═══ Raw data ═══

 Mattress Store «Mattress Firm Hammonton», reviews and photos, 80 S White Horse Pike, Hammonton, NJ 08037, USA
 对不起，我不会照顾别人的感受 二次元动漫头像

═══
═══ Raw data ═══

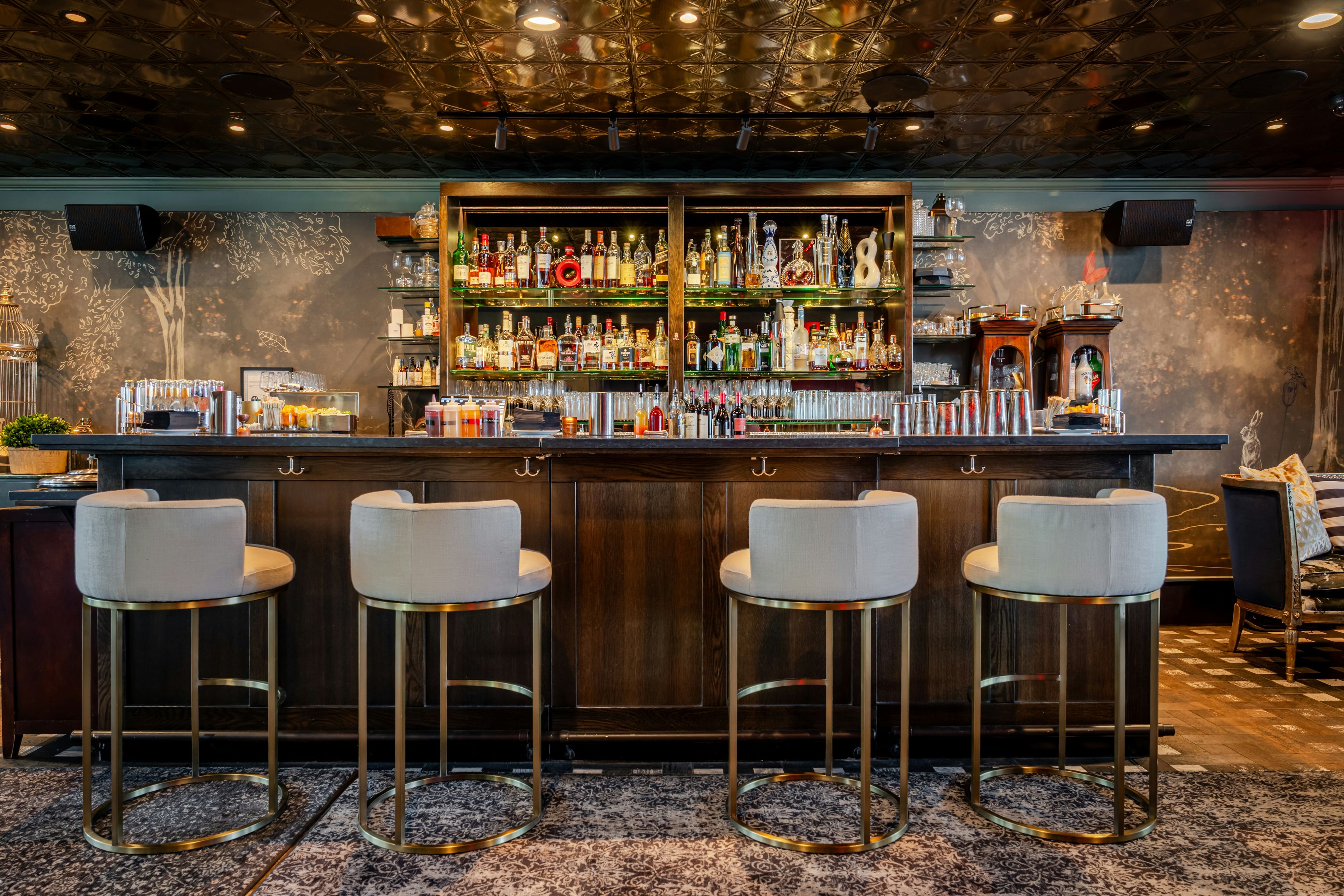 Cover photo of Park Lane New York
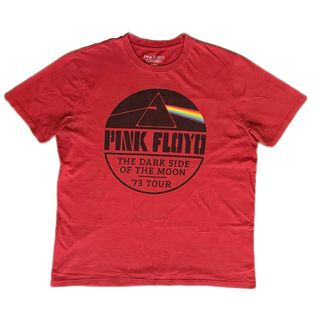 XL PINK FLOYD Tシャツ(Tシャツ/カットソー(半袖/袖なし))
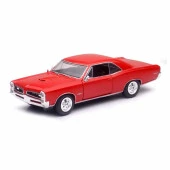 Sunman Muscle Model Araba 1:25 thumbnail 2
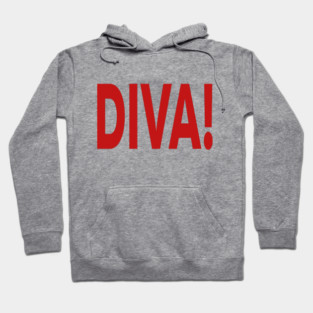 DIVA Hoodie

═══

● **What to produce**
Please return the lines above that run from the line containing "NJ 08037, USA" to the line containing "对不起，我不会照顾别人的感受 二次元动漫头像", inclusive, exactly and with no other lines.

● **Exercise answer**
 Mattress Store «Mattress Firm Hammonton», reviews and photos, 80 S White Horse Pike, Hammonton, NJ 08037, USA
 对不起，我不会照顾别人的感受 二次元动漫头像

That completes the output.